Consumer Confidence Jumps

Woman carries shopping bag over credit cards and money collage
Consumer confidence soared in November as declining gasoline prices and an improving job market contributed to a stronger-than-expected reading that could bode well for the holiday shopping season.

The Conference Board said Tuesday that its Consumer Confidence Index rose to 98.9 this month from 85.2 in October. Analysts had expected a reading of 90. The better-than-expected results reversed a two-month decline.

"A decline of more than 40 cents in gasoline prices this month and the improving job outlook have combined to help restore consumers' confidence," Lynn Franco, director of The Conference Board Consumer Research Center, said in a statement.
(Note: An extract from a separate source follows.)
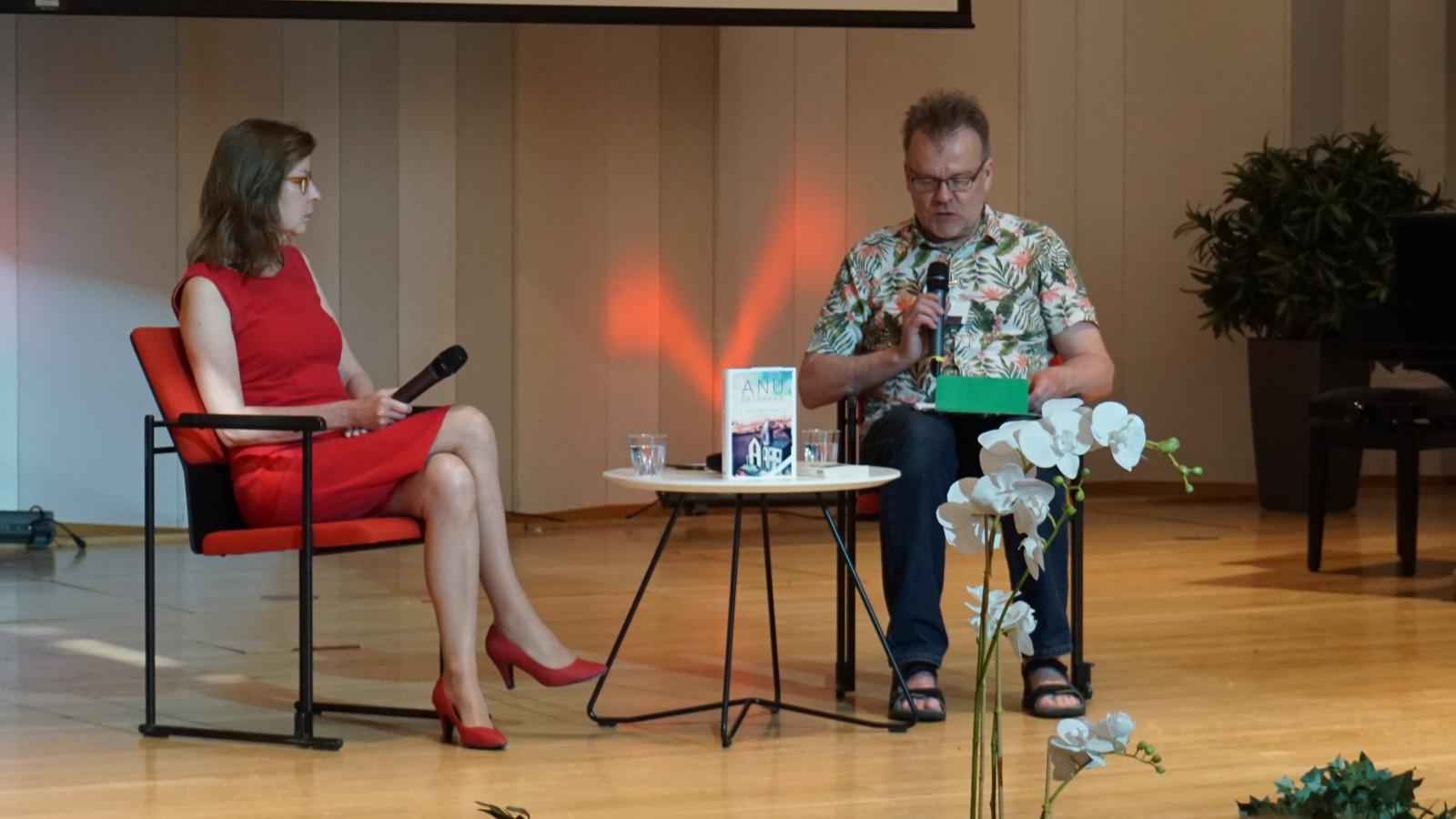 Kuvassa on Anu Patrakka punaisessa puvussa haastateltana ja haastattelijana Pasi Luuhtaniemi kirjavassa paidassa.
"While the index remains below its pre-Katrina levels, the shock of the hurricanes and subsequent leap in gas prices has begun wearing off just in time for the holiday season," Franco said.

Still, she warned, the holiday spending will be fueled by the bargains consumers have come to expect.

Investors were also reassured by two other economic reports. The Commerce Department announced a 3.4 percent increase in orders for big-ticket manufactured goods in October. The agency also announced that sales of new single-family homes shot up by 13 percent last month, the biggest one-month gain in more than 12 years.

The upbeat reports indicate that the economy is recovering from the blow wielded by the Gulf Coast hurricanes, but the nation's merchants still face big challenges this holiday season. Although gasoline prices have fallen in recent weeks, they are still higher than a year ago, and home heating costs are expected to force consumers to budget carefully for the holidays.

While the nation's retailers are still analyzing sales figures from last weekend, the official start of the holiday shopping season, it appeared those offering the best discounts brought in the most customers. Discounters and electronics retailers attracted more customers than many mall-based apparel stores.

The latest updates on spending last weekend Tuesday were encouraging.

The International Council of Shopping Centers reported sales at stores open at least a year, known as same-store sales, rose 5.1 percent for the week ended Saturday compared to a year ago.

ShopperTrak RCT Corp., which monitors retail sales at 45,000 outlets, reported that sales for the combined Friday, Saturday and Sunday period rose 0.4 percent from a year ago.